Closed bdqnghi closed 6 years ago
Can you have a look at https://github.com/facebookresearch/MUSE/issues/31 and see if that helps? In particular, setting --dico_max_rank 1500
as a parameter. The idea is that the model tries to build a dictionary for the top 10k most frequent words, but if you have only 4k of them then it will raise an error.
Also, if you do not have any parallel dictionary you should indeed disable the word translation evaluation by simply commenting out this line: https://github.com/facebookresearch/MUSE/blob/master/src/evaluation/evaluator.py#L190 But you probably want to find a small dictionary before you start experiments, otherwise it will be very difficult for you to know whether your model is working or not.

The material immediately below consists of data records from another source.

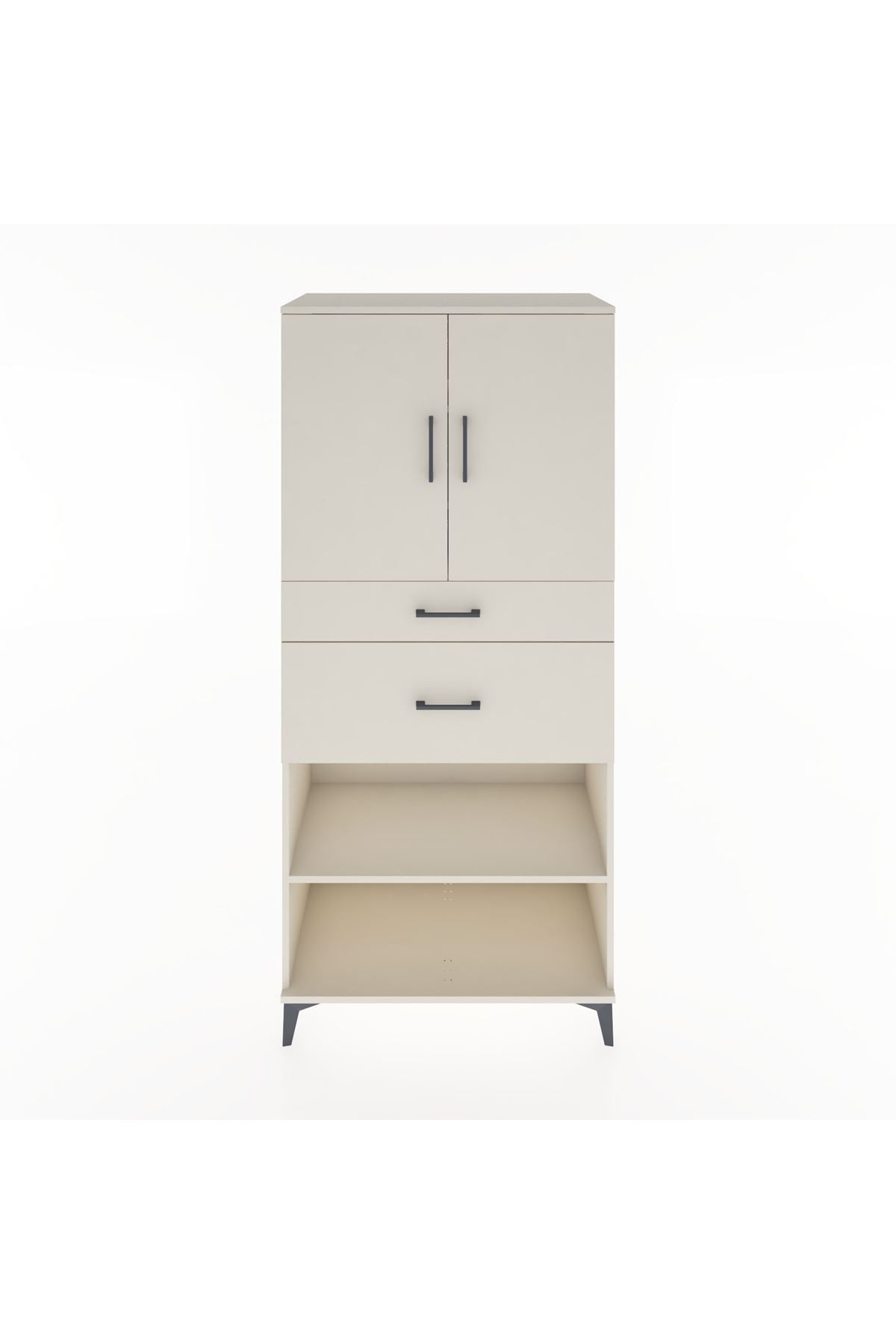 Hyperion Dolap 4 Raflı 2 Çekmeceli 2 Kapaklı 88x44x195 Aytaşı-Aytaşı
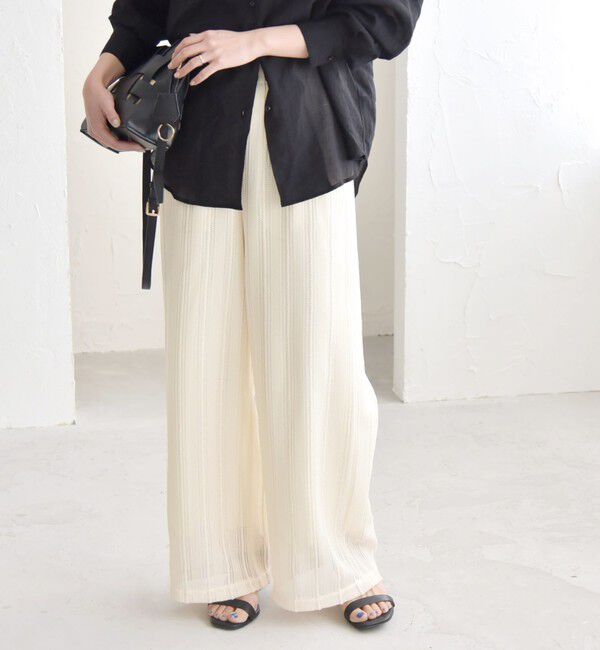 quaranciel「quaranciel:〈手洗い可能〉ラッセル レース イージー ワイド パンツ」|その他|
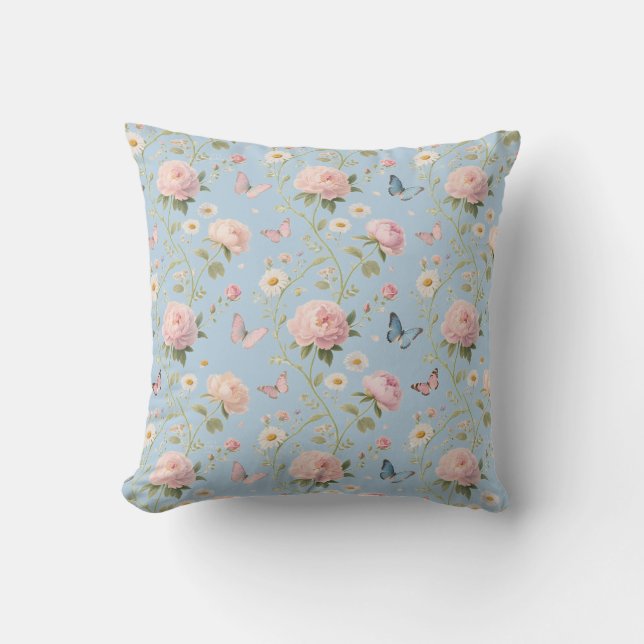 Elegant Floral & Butterfly Throw Pillow Kussen (Voorkant)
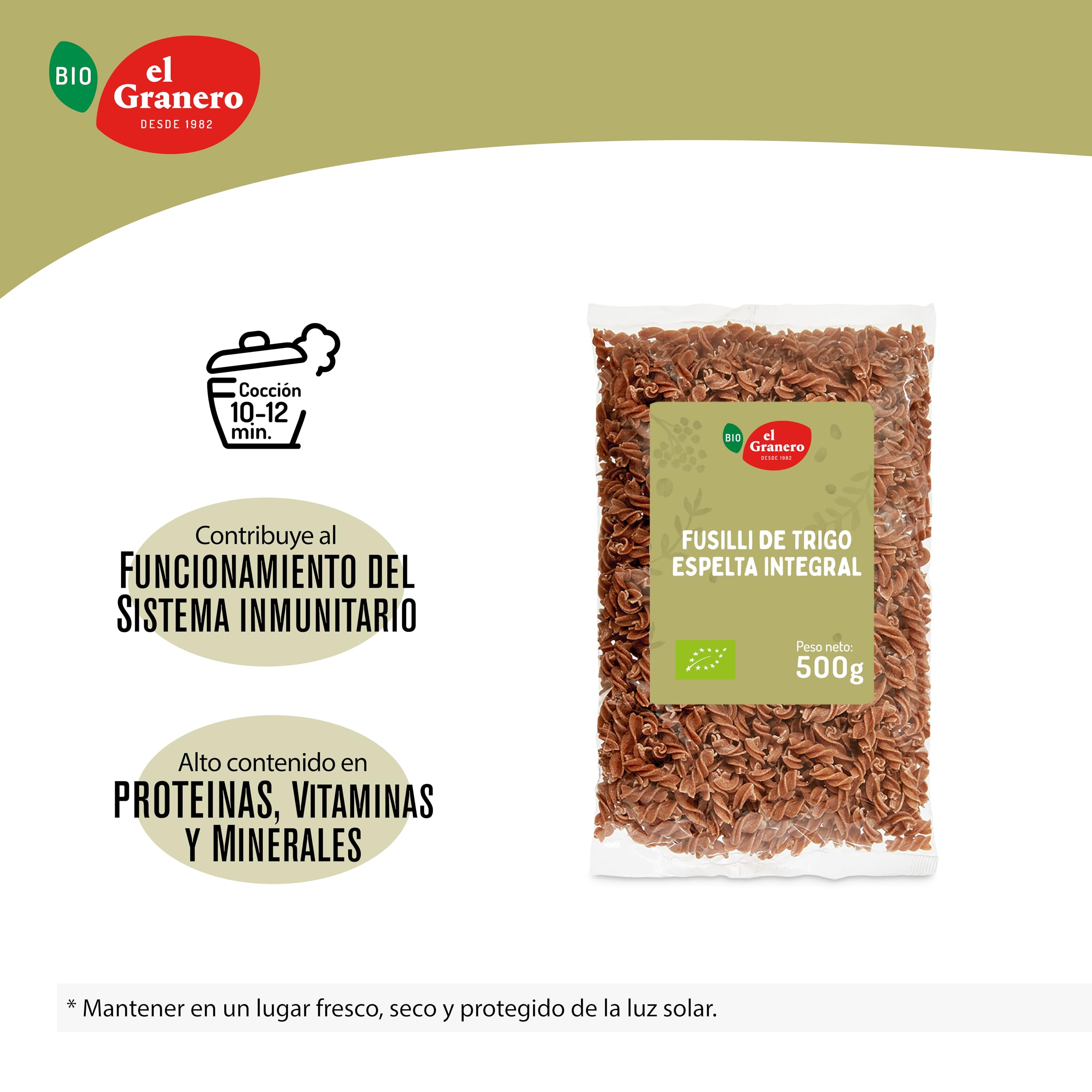 El Granero Integral - Fusilli de Trigo Espelta Integral BIO - 500 g - Fuente Rica en Proteínas - Alto Aporte Energético - Ideal para Todas las Recetas de Pasta - Apto para Veganos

Thanks for the reply, it works but i think there is a minor bug in the code. Here I'm trying to print the whole "params" variable, then I got this :
Namespace(adversarial=True, batch_size=32, cuda=True, dico_build='S2T', dico_max_rank=10000, dico_max_size=10000, dico_method='nn', dico_min_size=0, dico_threshold=0, dis_clip_weights=0, dis_dropout=0.0, dis_hid_dim=2048, dis_input_dropout=0.1, dis_lambda=1, dis_layers=2, dis_most_frequent=50, dis_optimizer='sgd,lr=0.1', dis_smooth=0.1, dis_steps=5, emb_dim=30, epoch_size=4000, exp_name='debug', exp_path='/home/nghibui/codes/MUSE/dumped/debug/egzngeby1i', export='txt', lr_decay=0.98, lr_shrink=0.5, map_beta=0.001, map_id_init=True, map_optimizer='sgd,lr=0.1', max_vocab=200000, min_lr=1e-06, n_epochs=5, n_refinement=5, normalize_embeddings='', seed=-1, src_dico=<src.dictionary.Dictionary object at 0x7f8087dac588>, src_emb='data/cpp_vectors_30D_15_ae_train_trees.txt', src_lang='cpp', src_mean=None, tgt_dico=<src.dictionary.Dictionary object at 0x7f8087dac4e0>, tgt_emb='data/java_vectors_30D_15_ae_train_trees.txt', tgt_lang='java', tgt_mean=None, verbose=2)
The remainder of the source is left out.